Olhar para o passado é fundamental para o salto adiante. Essa é uma síntese da palestra do crítico e ensaísta Lorenzo Mammì, que abriu nesta quinta (6) o ciclo de debates Talks, parceria da SP-Arte com a ARTE!Brasileiros. Com a curadora Ana Paula Cohen e com Dan Fox, coeditor da revista Frieze, ele compôs programa em torno do tema “arte como forma de resistência”.
A frase acima faz ruído grande com a realidade que vivemos hoje, modificada diariamente pela ciência e pela tecnologia. Para Mammì, porém, o processo tecnológico prometeu um passo adiante, mas, no meio do caminho, percebeu-se que era responsável pelo esfacelamento de relações humanas. “Desculpe se não dou uma visão otimista”, disse Mammì, “mas acho que perdemos a capacidade de focar o salto, e isso está ligado a uma dificuldade em estabelecer certa distância sobre quais são nossos modelos”. Em seguida, ele defendeu a arte como manifestação em tempo expandido. “Ela demanda um processo de compreensão mais lento”.
Mammì retorna a historiadores da arte de seu repertório, como o francês Georges Didi-Huberman e o alemão Aby Warburg (1866-1929) para compreender a repetição: rever algo de produções antigas sempre foi uma prática presente na arte. Com o apoio de outro teórico, Erwin Panofsky (1892-1968), o ensaísta retorna então ao Renascimento para perguntar-se: o que naquele momento resultou na ruptura entre o novo e a produção imediatamente anterior?
Mammì exemplifica: enquanto Huberman se pergunta “por que as coisas se repetem?”, Panofsky questiona “o que muda quando as coisas se repetem?”. Para o ensaísta, há quatro qualidades fundamentais na arte e em sua capacidade de resistir: lentidão, ambiguidade, verdade e reflexão.
As questões de Mammì ficam frequentemente abertas e ele se desculpa por não oferecer soluções, embora tenha apontado uma saída. “Poderemos aproveitar melhor a obra de Marx [Karl, 1818-1883] quando entendermos que o marxismo já acabou”, sentencia. Foi uma provocação aos movimentos de esquerda e mais especificamente à repetição da militância.
Após a palestra de Mammì, Fox apresentou seu olhar sobre os cenários artísticos americano e inglês e as reações tanto à eleição de Donald Trump como à aprovação do Brexit. Para o coeditor da Frieze, as duas situações políticias adquirem seus contornos a partir de “uma fantasia nostálgica sobre o passado” desses dois países.

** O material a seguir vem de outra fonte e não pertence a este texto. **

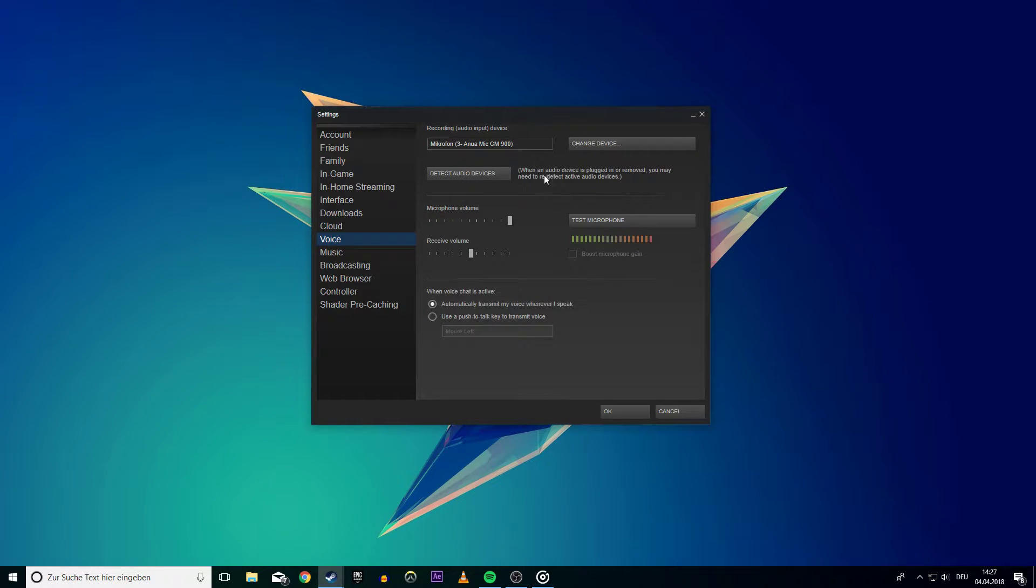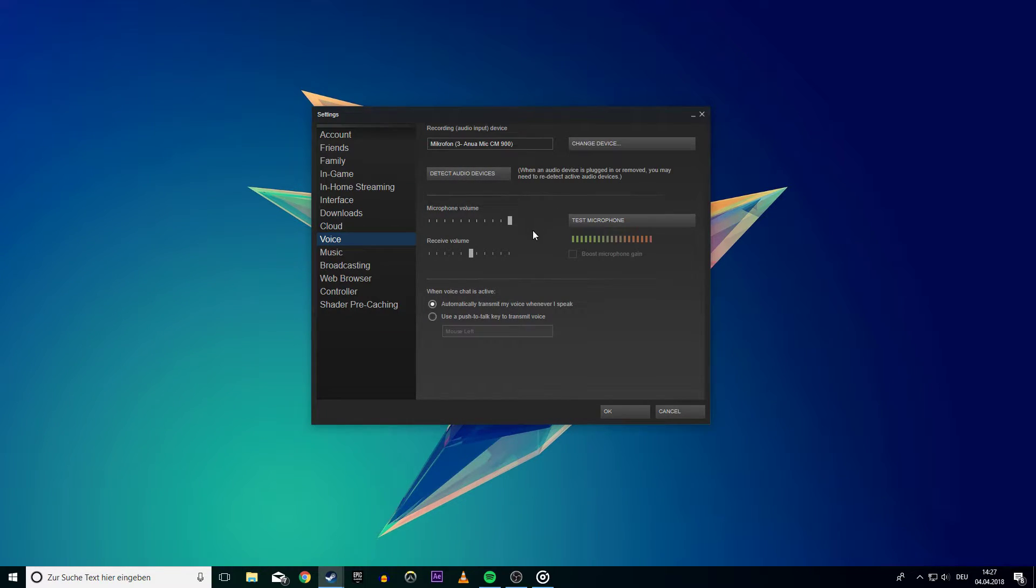Here you have the option to change the mic you want to use if you have more than one. Below you can adjust the microphone volume and test it. Also, you can change the receive volume.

Fox recorre a exemplificações diversas em que a arte empenhou-se politicamente, citando por exemplo o Material Group e sua associação com ativistas que atuaram na preservação dos direitos de portadores do HIV, nos anos 1980.
Há uma crise à espreita em cada ação política proposta pela arte, porém, ele pondera: no atual contexto histórico, a resistência pode voltar-se contra si mesma, paradoxalmente promovendo o mesmo pensamento que pretende superar, como se fizesse uma espécie de marketing invertido, resultando, por exemplo, na eleição de Trump. “Hoje, não basta assinar um abaixo assinado para atuar politicamente”, defende. “Se você quer ser útil, vai lá e proponha algo”.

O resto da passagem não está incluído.